The e-book world often feels like a dark corridor inside which any unpoliced literary material can suddenly appear. It can be a startling journey towards neglected novels, reprinted major novels, re-found masterpieces, or masterpieces never found once, undiscovered and exciting work, but now, as well of (of course) bad work, amateur work, inflated work, narcissistic work, but this is true of traditional publishing too. But, because of its more open spaces, for me, it has been a place really of comfort and near spirituality as it has opened up a vast infinity, and recreated the meaning of what James Joyce once said literature should be, that is: “shout in the street.” Or what Walt Whitman once proposed: “That you are here—that life exists, and identity; That the powerful play goes on, and you will contribute a verse.”
It has been more than puzzling to me to read defensive and attacking remarks against ebooks. I don’t want join in the rancor or write about value such “even playing fields” or why anyone thinks they qualify as a “gatekeeper” as too much time has been wasted on those themes, and the discourse has caused bitterness and misunderstanding. These themes have been so overworked in the major media as is and it has been disappointing to read the exchanges which too often remain bitter. For me, presenting what’s being done that is exquisitely moving and unique in ebooks wins all arguments about the prospects of a future digital book culture.
By pure luck, (since I did some work as a book critic,) I received three short stories by Jane Ciabattari, a collection under the title California Tales. Jane Ciabattari serves as the Vice President online of the National Book Critics Circle, in charge of the Critical Mass blog and social networking. Her reviews have appeared in The New York Times, The Boston Globe, The Washington Post, and many major newspaper and magazine. Her writing is down-to- the bone truthful, her stories told with simplicity and kind of conversational-textual realism. In one story, “Arabella Leaves,” she writes about addiction, how one girl was lost to drugs. In another story, she writes about a troubled family and a dog who meet in the Viper Room during a Los Angeles earthquake. The story explores the aftermath of a suicide. In all three stories, both in theme and style, she is a keen navigator of life’s realities and edges.
Equally wonderful to me was Jane’s publisher, Shebooks. Shebooks was cofounded by three women with long careers in publishing.

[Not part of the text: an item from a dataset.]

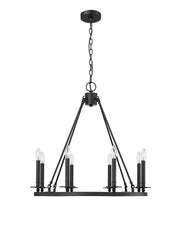 Millennium 46708-MB Florence Eight Light Chandelier, Matte Black Main Image.jpg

From their home pages they stated: “We were excited by the explosion of digital media, which was giving readers new ways to find compelling stories. The problem was that female authors, journalists, editors – and ultimately female readers –were being shut out of the revolution. Innovative digital publishing companies led by men and publishing mostly male writers were getting lots of investment and attention. (Our “aha!” moment came at a journalism conference in 2012: all guys onstage announcing their new companies to an audience that was nearly all women.) But we knew that women are voracious readers in every format – buying the majority of books and magazines and reading (and writing) the majority of blogs.
As veterans of women’s publishing, we understood the realities of women’s lives –that while we love to read, we don’t always have time for a full-length book. So we decided not to wait for our invitation to the party. Shebooks was the result: a new media format.”
Among their editors are Liza Dawson, GQ contributing editor and author; Deirdre English, Rachel Lehmann-Haupt, author, launch editor, TED Books; Barbara O’Dair, executive editor, Reader’s Digest; former editor-in-chief, ; Dawn Raffel, digital editor, Center for American Fiction, author, Secret Life of Objects; Susan West, editor, consultant, West Gold Associates, former editor-in-chief.
I love being the messenger here. It was just a lucky chance for me one of the first to write about all this. About Jane Ciabattari’s considerable talent, and the launching of a digital enterprise in that long dark corridor of cyberspace miracles.